----- Source material

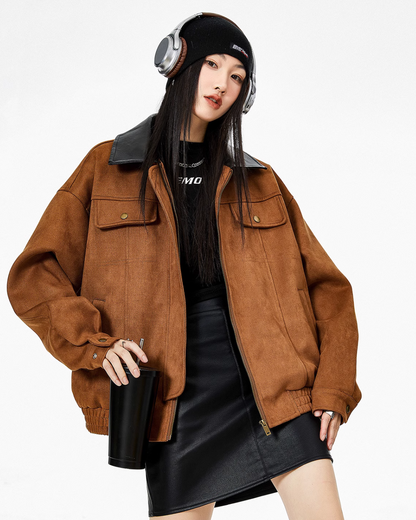 Contrast Color Pocket Jacket ICM0068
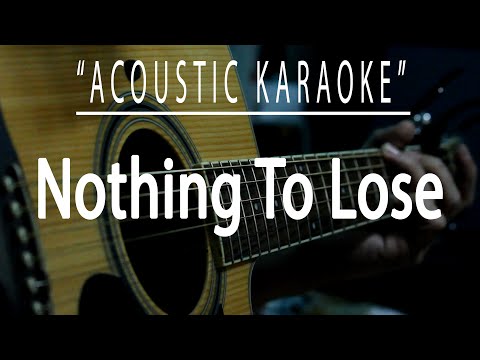 Nothing To Lose Michael Learns To Rock Acoustic Karaoke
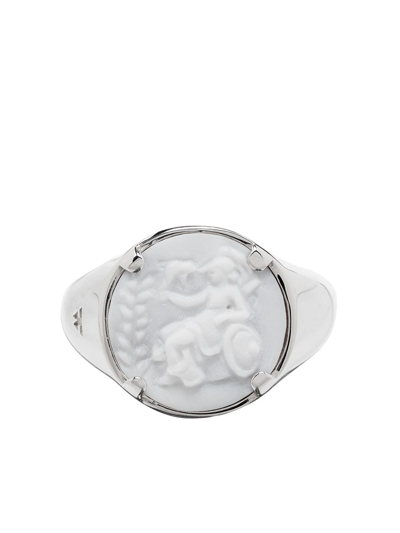 Sterling Silver Cameo Athena Ring
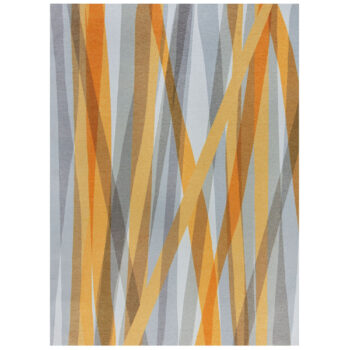 Flair Rugs, Kusový koberec Match Isabella Stripe Grey/Ochre, 170x240, žltá, chodba / predsieň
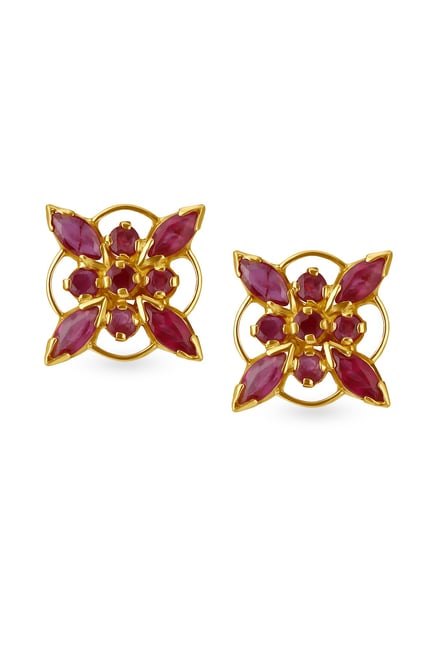 Tanishq 22kt Gold Earrings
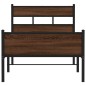 vidaXL Bettgestell ohne Matratze Braun Eiche 75x190 cm Holzwerkstoff vidaXL Bettgestell ohne Matratze Braun Eiche 75x190 cm Holzwerkstoff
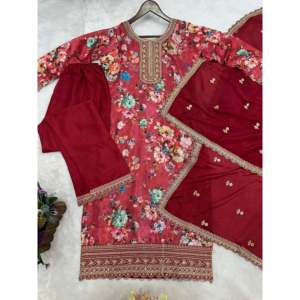 DHK Women's Designer Long Sleeve Suit <b>Set</b> with <b>Embroidery</b> Sequence Coding Work - Product Image 6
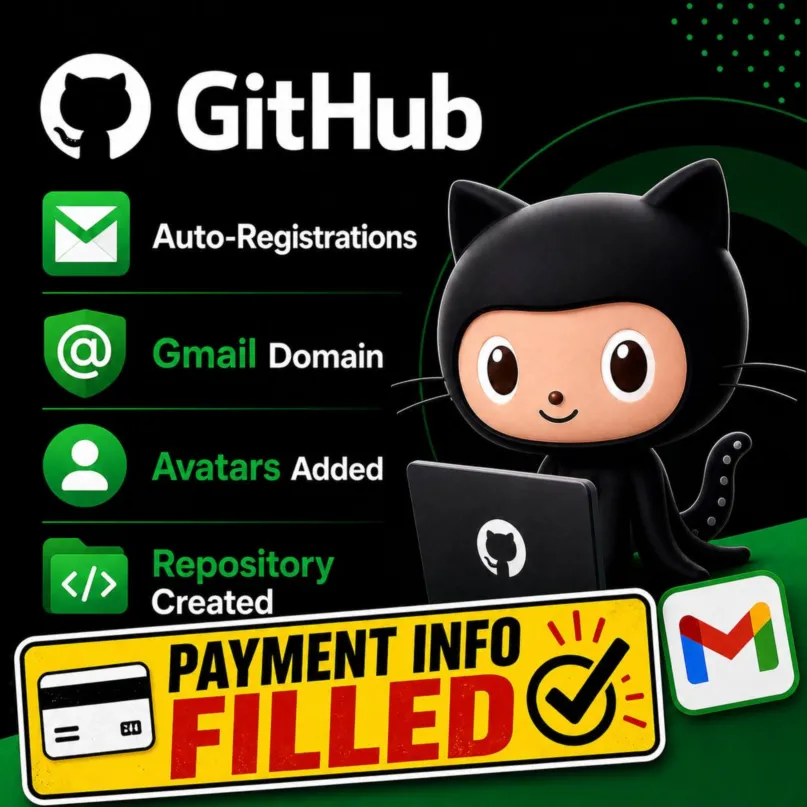 Аккаунт GitHub Авторег | Заполнен Payment | 02.06 рег | аватарка+репо | АВТОВЫДАЧА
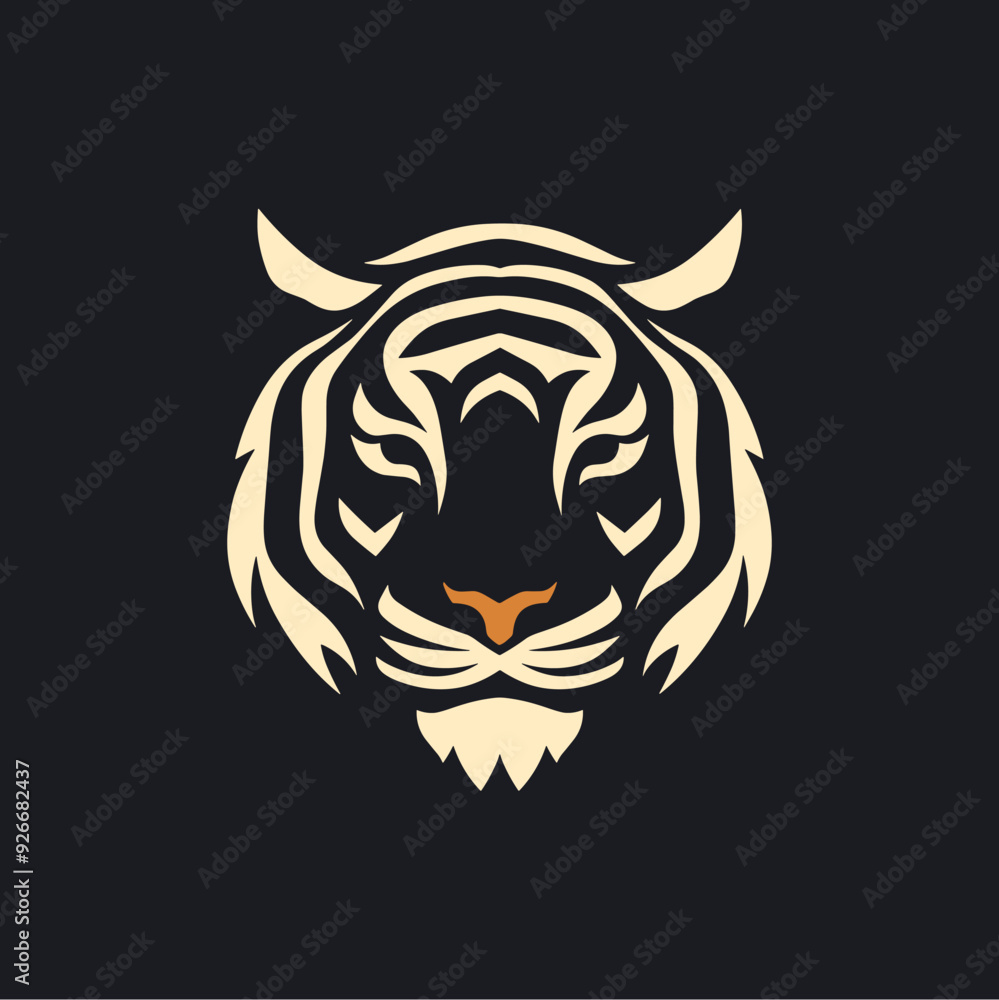 Modern Minimalist Tiger Logo Modern Minimalist Tiger Logo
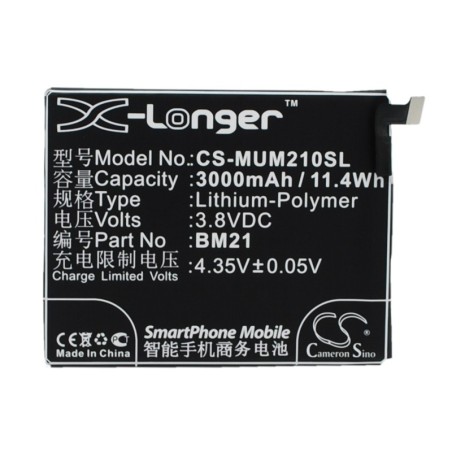 Batterie pour Xiaomi Mi Note (3000 mAh/11.4 Wh, 3.8 V)
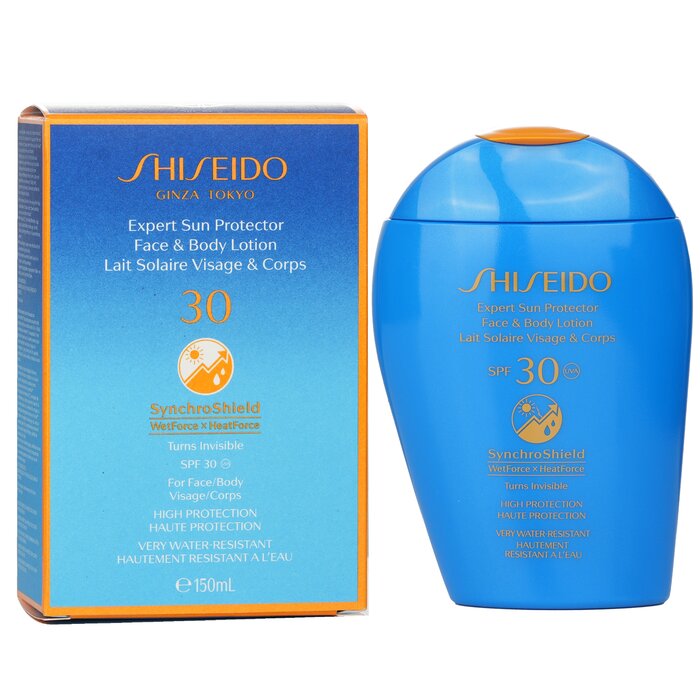 SHISEIDO - Expert Sun Protector SPF 30 UVA Face & Body Lotion (Turns Invisible, High Protection & Very Water-Resistant)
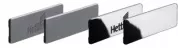 Заглушка. для ящика InnoTech с логотипом Hettich, пластик, серая / под хром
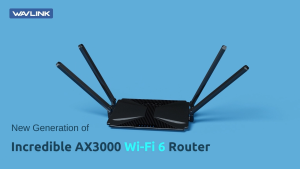 Wavlink Wi-Fi 6 AX3000 Dual Band Mesh Router Wifi 6 Gaming wireless Router MU-MIMO Beamforming OFDMA WPA3 Support 160MHz & IPv6 | PK TP-Link Archer AX55
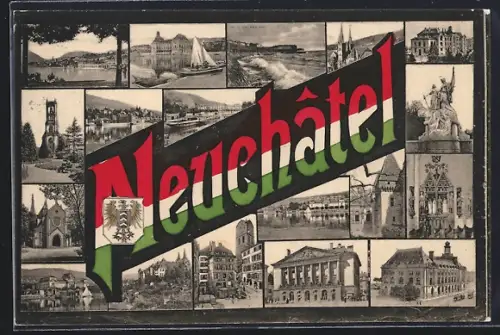 AK Neuchâtel, Kirche, Denkmal, Turm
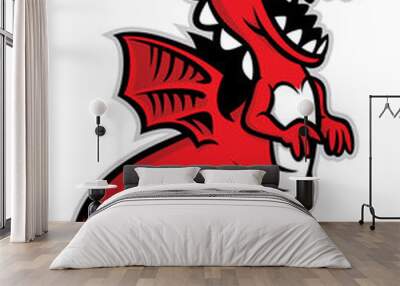 cute dragon Wall mural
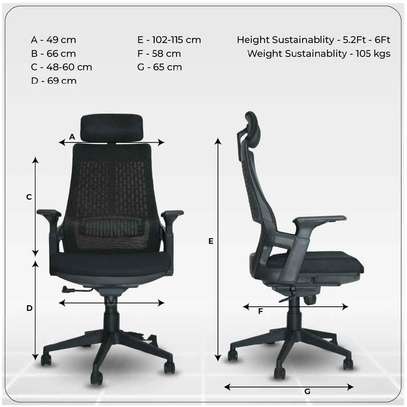 Office Chair:  High Back Mesh Office Chair image 5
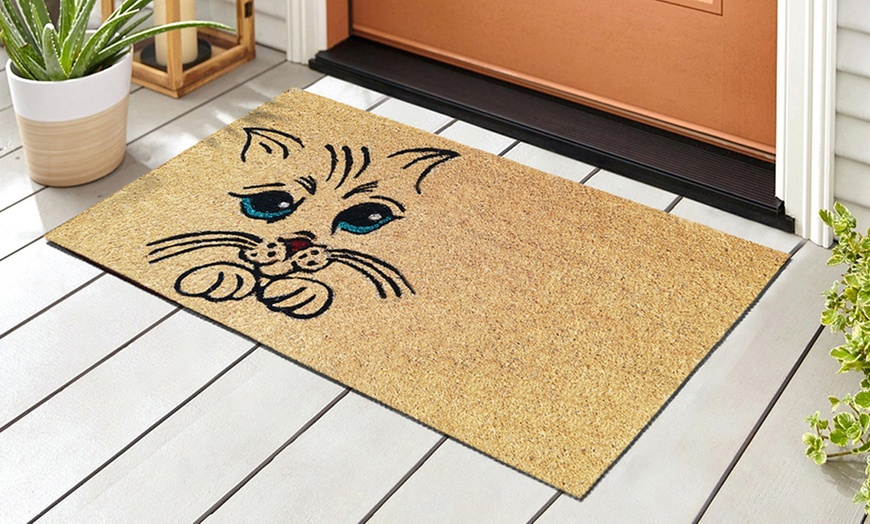 Image 52: Zerbino in cocco con retro antiscivolo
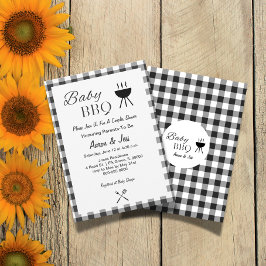 Inbjudan till Rustic Baby BBQ Par Baby Shower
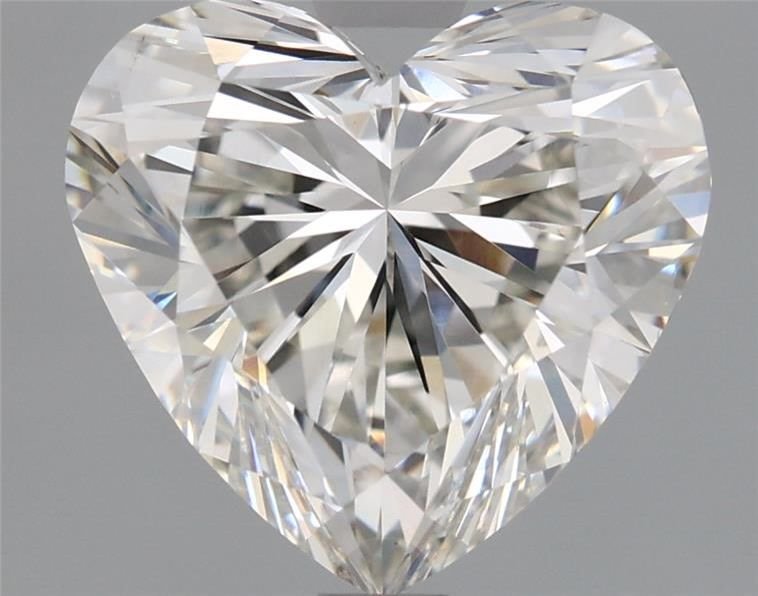 3.02ct G VS2 Rare Carat Ideal Cut Heart Lab Grown Diamond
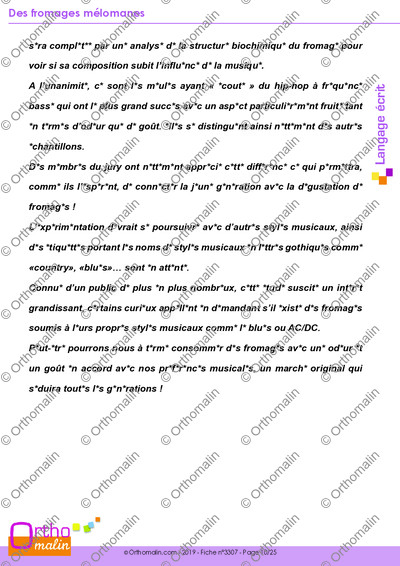 Page 10 de la fiche
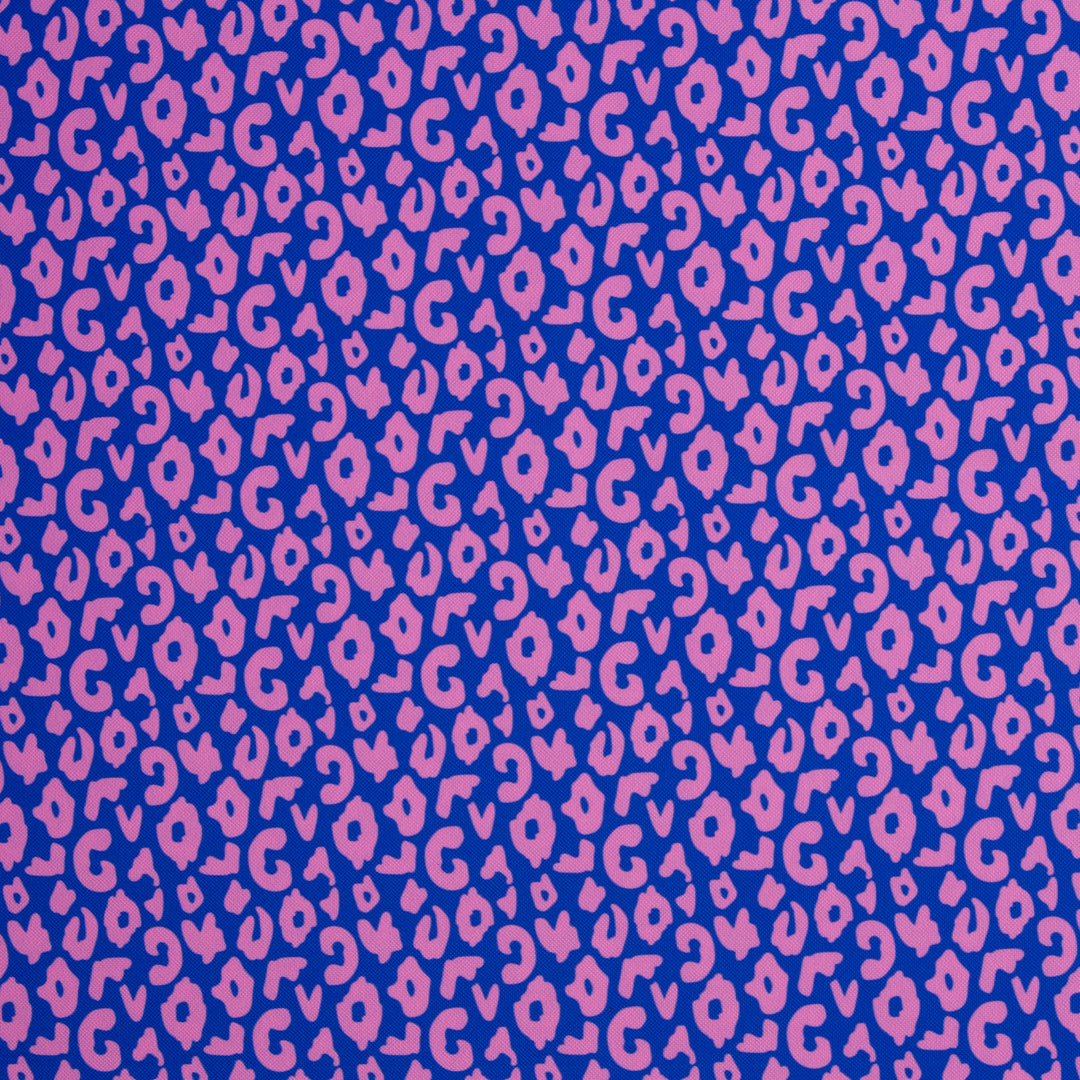 Oxfordgewebe "Colourful Leo – Blau/Rosa" | Cherry Picking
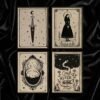 Set of 4 - Femme Fatale - Witchy Feminine Gothic Wall Decor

----------

- [Your assignment]
All of the material above should be written out exactly as given, minus any images.

- [Written answer]
 Contrast Color Pocket Jacket ICM0068
 Nothing To Lose Michael Learns To Rock Acoustic Karaoke
 Sterling Silver Cameo Athena Ring
 Flair Rugs, Kusový koberec Match Isabella Stripe Grey/Ochre, 170x240, žltá, chodba / predsieň
 Tanishq 22kt Gold Earrings
 vidaXL Bettgestell ohne Matratze Braun Eiche 75x190 cm Holzwerkstoff vidaXL Bettgestell ohne Matratze Braun Eiche 75x190 cm Holzwerkstoff
 DHK Women's Designer Long Sleeve Suit <b>Set</b> with <b>Embroidery</b> Sequence Coding Work - Product Image 6
 Аккаунт GitHub Авторег | Заполнен Payment | 02.06 рег | аватарка+репо | АВТОВЫДАЧА
 Modern Minimalist Tiger Logo Modern Minimalist Tiger Logo
 Batterie pour Xiaomi Mi Note (3000 mAh/11.4 Wh, 3.8 V)
 SHISEIDO - Expert Sun Protector SPF 30 UVA Face & Body Lotion (Turns Invisible, High Protection & Very Water-Resistant)
 Заглушка. для ящика InnoTech с логотипом Hettich, пластик, серая / под хром
 Wavlink Wi-Fi 6 AX3000 Dual Band Mesh Router Wifi 6 Gaming wireless Router MU-MIMO Beamforming OFDMA WPA3 Support 160MHz & IPv6 | PK TP-Link Archer AX55
 AK Neuchâtel, Kirche, Denkmal, Turm
 cute dragon Wall mural
 Office Chair:  High Back Mesh Office Chair image 5
 Image 52: Zerbino in cocco con retro antiscivolo
 Inbjudan till Rustic Baby BBQ Par Baby Shower
 3.02ct G VS2 Rare Carat Ideal Cut Heart Lab Grown Diamond
 Page 10 de la fiche
 Oxfordgewebe "Colourful Leo – Blau/Rosa" | Cherry Picking
 Set of 4 - Femme Fatale - Witchy Feminine Gothic Wall Decor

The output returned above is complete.